Take the records below and set down exactly the lines from the one with "Shimano ULTEGRA Di2" to the one with "Perfume de perfume", ends included; do not copy the pictures.

- [Data for processing]

# # # # # # #

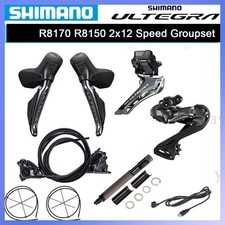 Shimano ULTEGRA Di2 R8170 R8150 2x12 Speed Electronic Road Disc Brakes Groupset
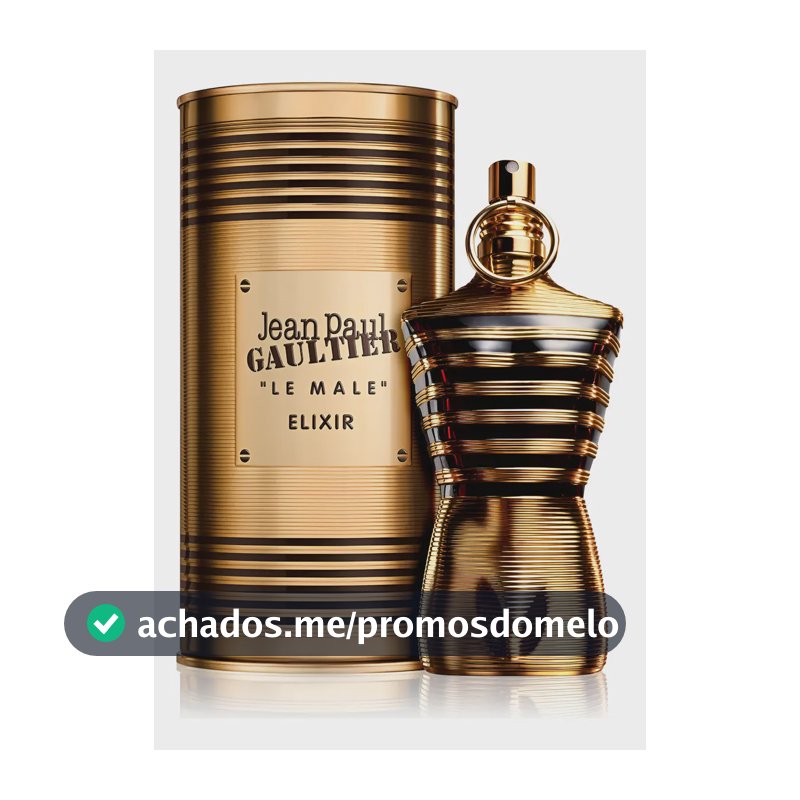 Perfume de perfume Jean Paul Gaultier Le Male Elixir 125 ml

# # # # # # #

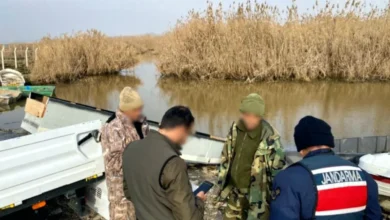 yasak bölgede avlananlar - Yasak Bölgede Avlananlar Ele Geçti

# # # # # # #

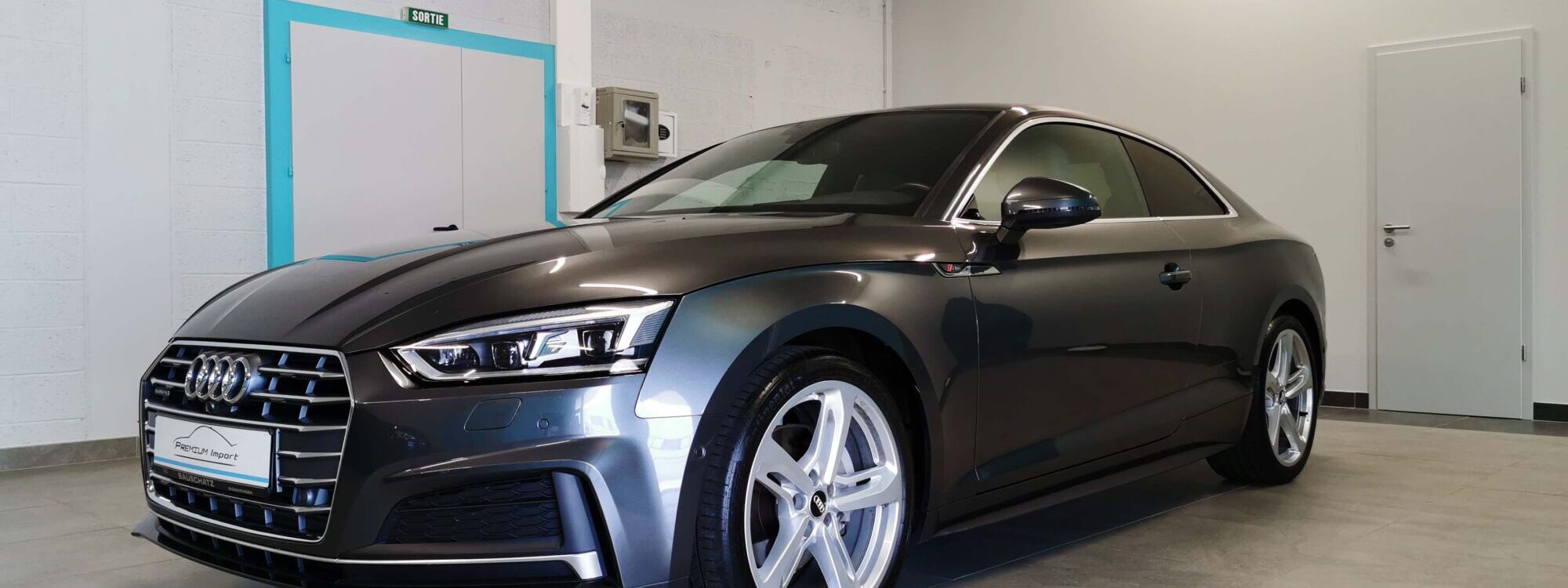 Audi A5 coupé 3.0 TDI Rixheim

# # # # # # #

- [Response]
 Shimano ULTEGRA Di2 R8170 R8150 2x12 Speed Electronic Road Disc Brakes Groupset
 Perfume de perfume Jean Paul Gaultier Le Male Elixir 125 ml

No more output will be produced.